Semiotics – study of communication and signification

Semiotics may run the gamut between a scientific discipline and a world-view. But however it is construed, it always involves signs. The terms stems from the Greek word seemeiootikee, which denotes the study of signs, what they represent and signify, and how we act and think in their universe. Goethe, in his time, could view everything as a symbol. How much truer that is today, when more and more man-made signs and signals emanate from all quarters! Never before has there been so much communication in the world, thanks to computers, mobile phones, and other electronic means of transmitting messages. But do people also have more to say to each other? Semiotics is a discipline that bravely confronts such questions at the start of the new millennium.

Semiotics also refers to a millennia-old tradition of thought. Everyone knows Umberto Eco´s novels, which take us back to the Middle Ages. The philosophers of antiquity and the Church fathers, too, investigated the laws of signs that rule over the world. Participating in semiotics iis an intellectual adventure wherein individuals are interpreted as signs, both to themselves and to others. Biologist today claim that every living organism functions as a sign system in relation to the environment.
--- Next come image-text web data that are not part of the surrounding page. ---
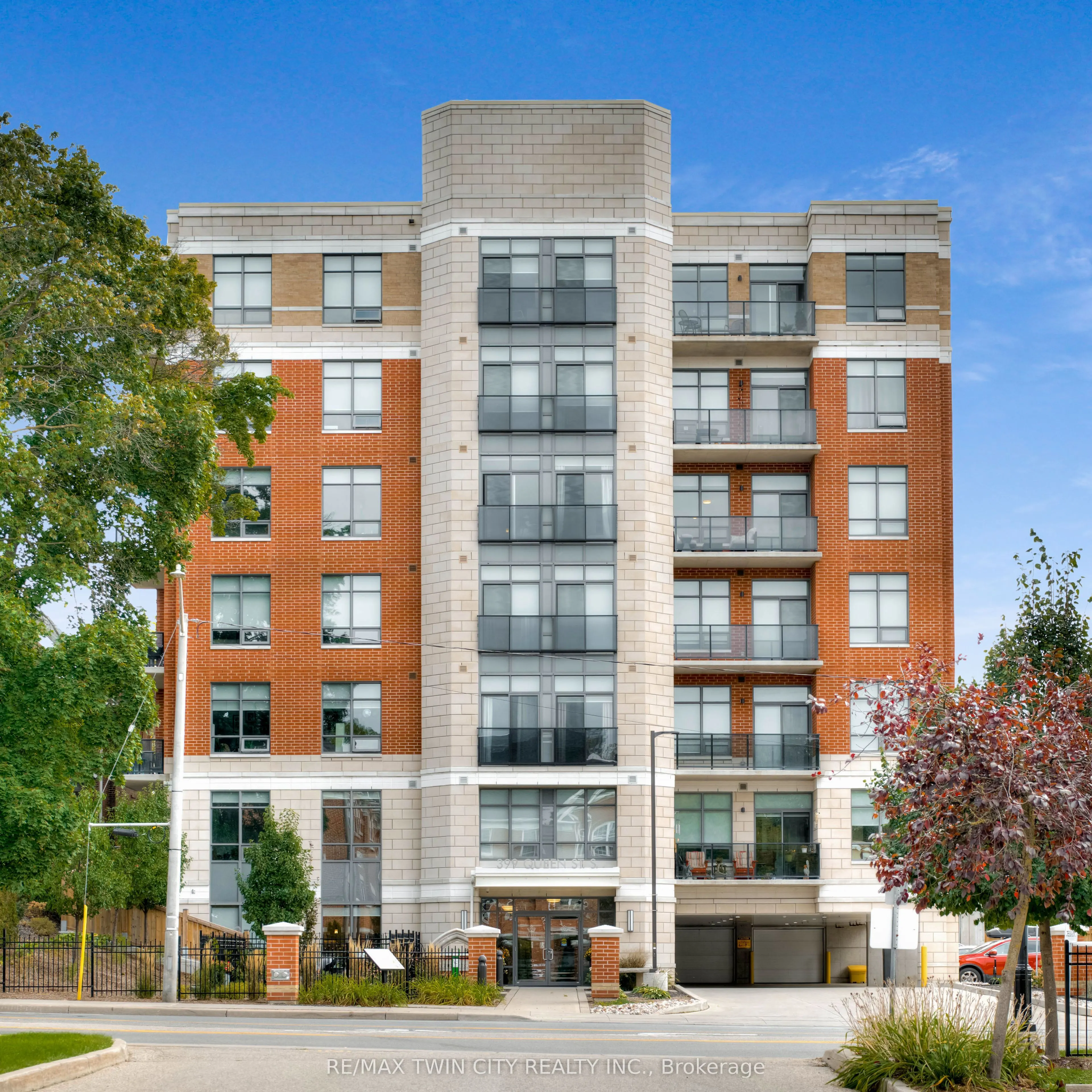 399 Queen Street S, #211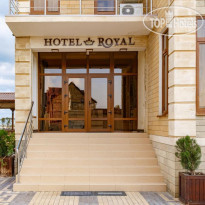 Royal Hotel 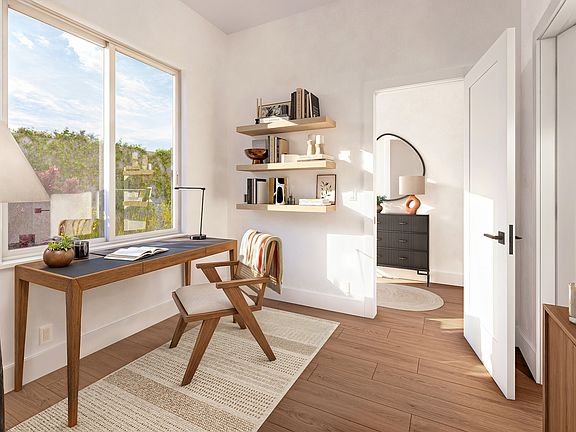 Ground Floor Townhome - En Suite Bedroom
Thus the verbal signs of spoken and written language – texts- no longer form the main concern of semioticians, who have widened their vision to include the non-verbal activities of people and animals.

Much of the power of semiotic enterprise lies in its phenomenal ability to adapt to various changes od scientific paradigms and technological innovations, trends and schools of thinking, and even national traditions. Semiotics, which became an independent discipline in the 1960s when the international associations and publishing series were launched, has since expanded to all countries of the world and undergone several radical metamorphoses.

The so-called "classical" tradition of semiotics includes great structuralist scholars from the latter half of twentieth century, such as Claude Lévi-Strauss, Roland Barthes, Julia Kristeva, Umberto Eco, A.J. Greimas, Juri Lotman (founder of the Tartu School of Semiotics), Thomas A. Sebeok, Noam Chomsky, Michel Foucault. Yet many of them owed great intellectual debts to nineteenth-century pioneers of semiotics like Charles Sanders Peirce (1839-1914), the American philosopher and mathematician, and Ferdinand de Saussure (1857.1913), the Swiss linguist. In a prophetic declaration, the latter claimed that no one yet knew what "semiology" would be, but that its place was "staked out in advance".

We can echo that statement today: since semiotics has entered its poststucturalist phase – with the writtenings of Jacques Derrida, Michel Foucault and the others – and become the method and philosophy of the postmodern era, no one knows what semiotics of the twenty-first century will be. But we do know that it will continue to influence humankind’s relationship to this changing world.

Semiotics – the science of the new millennium

In the world of the future, semiotics will be increasingly needed to address various problems of an information society dominated by the progress of technology and science. It provides us the tools by which to look critically at the media world. In the true spirit of interdisciplinary, semiotics crosses over the fixed boundaries of academic research. Already it is taught at schools, as Charles Morris predicted fifty years ago. In the latter half of the twentieth century, semiotics has become and intrinsic part of curricula and research all over the world, and its concepts and ideas have been adopted by the most varied scholars and institutions. The tools od semiotics, however, must be continuously developed and re-shaped for the new research problems of the future. For this the role of such places as the ISI at Imatra, a major center of learning and education in the field, will become crucial.